Piégé par un voyage auquel il n’aurait probablement pas consenti à participer, s’il s’était agi d’une invitation, non d’une convocation, Breker se laissa piéger dans un second temps par le caractère pour le moins hors du commun de l’événement. De son point de vue, ne semblait-il pas témoigner, en effet, que Hitler avait le triomphe singulièrement modeste ?… Speer, pour sa part,  ne manquera pas de souligner combien il en avait été stupéfait.

Dans ces conditions, comment Breker aurait-il pu ne pas être fasciné par la démarche de Hitler, qui, de la sorte, paraissait faire la démonstration à la face du monde qu’il était « chef de guerre  contre [son] gré », et que la puissance dont il entendait doter le Reich ne se justifiait à ses yeux que par « l’établissement et l’expansion d’une grande culture »? Comment, dès lors, Breker aurait-il pu douter de la sincérité du dictateur et ne pas se faire l’écho par la suite de son caractère essentiellement artistique, comme en témoigne la teneur des propos qu’il tint à Jean Cocteau, en mai 42, peu après l’inauguration de son exposition à l’Orangerie, — des propos que le poète prendra soin de consigner dans son Journal.

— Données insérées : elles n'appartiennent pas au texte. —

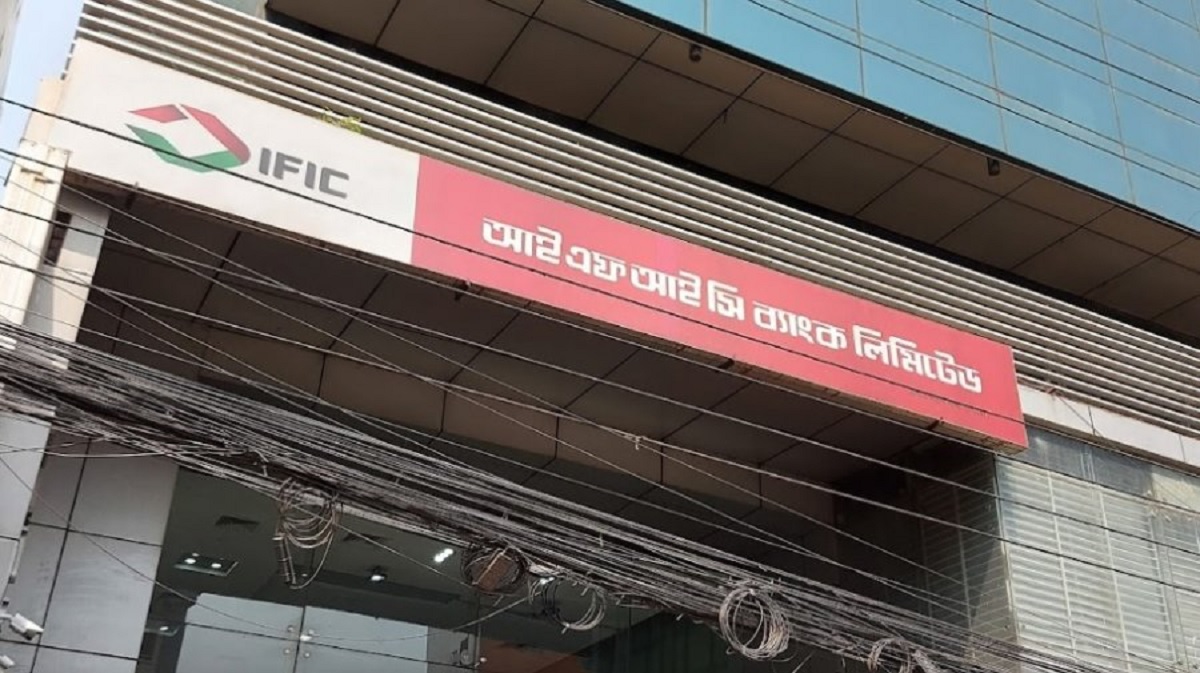 বাড্ডায় আইএফআইসি ব্যাংকের দেয়াল ভেঙে ডাকাতির সময় গ্রেফতার ৩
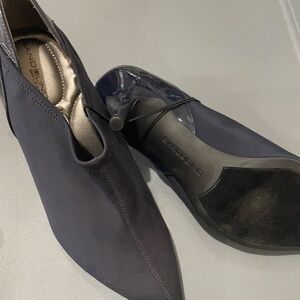 Navy boot heals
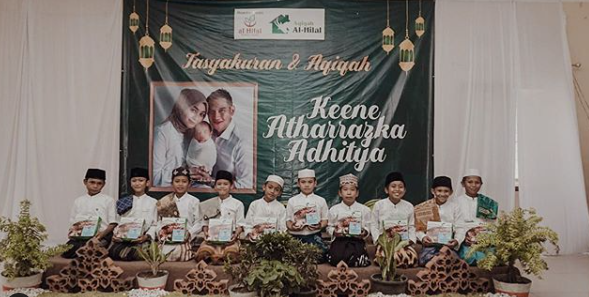 Potret aqiqah anak Rezky Adhitya dan Citra Kirana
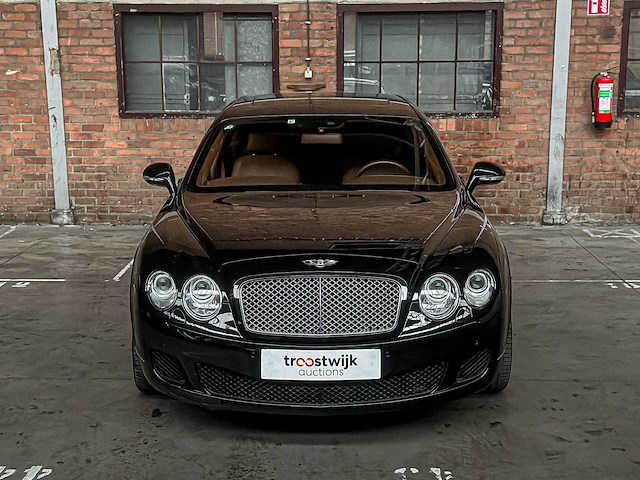 Bentley continental flying spur 6.0 w12 525pk 2010 youngtimer (81.000 km) - afbeelding 40 van  44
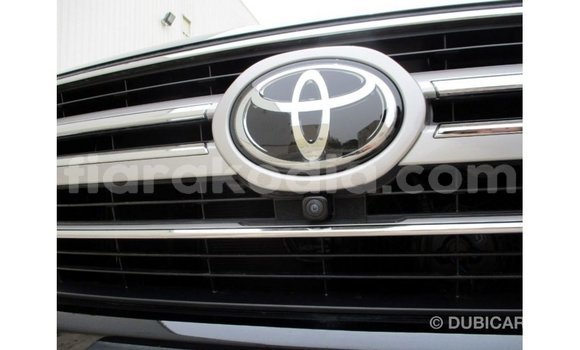Acheter Import Voiture Toyota Land Cruiser Noir à Import - Dubai, Diana Acheter Import Voiture Toyota Land Cruiser Noir à Import - Dubai, Diana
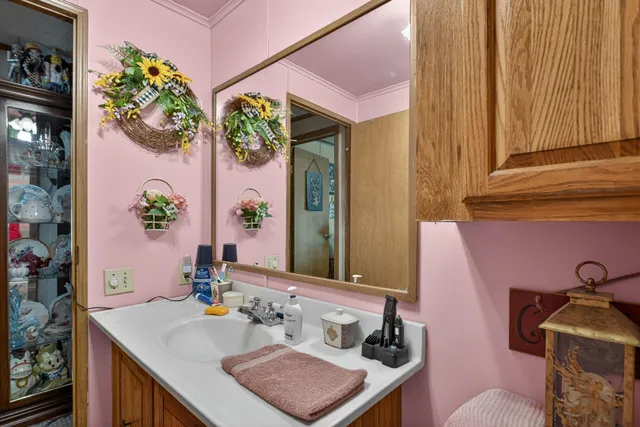 $199,900 | 419 South Capital Avenue, Athens, MI 49011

Pourtant, Albert Speer évoquera des années plus tard, dans ses Mémoires, de tout autres propos :

« Le soir [de notre visite de Paris], Hitler me reçut encore une fois dans la petite salle de sa ferme ; il était assis seul à une table. Sans ambages, il me déclara : “Préparez un décret dans lequel j’ordonne la pleine reprise des constructions de Berlin... N’est-ce pas que Paris est beau ? Mais Berlin doit devenir beaucoup plus beau ! Je me suis souvent demandé, dans le passé, s’il ne fallait pas détruire Paris, poursuivit-il d’un ton serein, comme s’il s’agissait de la chose la plus naturelle du monde, [...], mais lorsque nous aurons terminé Berlin, Paris ne sera plus que son ombre. Alors pourquoi le détruire ? »

A contrario, dans l’un de ses propos de table, en date du 18 octobre 1941, Hitler déclarera :

« Lors de l’attaque aérienne sur Paris, nous nous sommes limités aux aérodromes — pour épargner une ville au glorieux passé. Cela est certain, pris globalement, les Français se conduisent vilainement, mais ils sont néanmoins proches de nous, et cela m’aurait fait mal d’être obligé d’attaquer une ville comme Laon, avec sa cathédrale. »

Qui, de Speer ou de Breker, s’est dès lors fait porte-parole de la vérité ?

A-t-il seulement existé une vérité ?

Speer, Giesler, Breker… Chacun à sa façon, à l’occasion du voyage à Paris, chacun ayant plus ou moins conscience de la situation et du rôle qu’on était en train de lui faire jouer, servit de faire-valoir à la légende en construction du Führer artiste et visionnaire.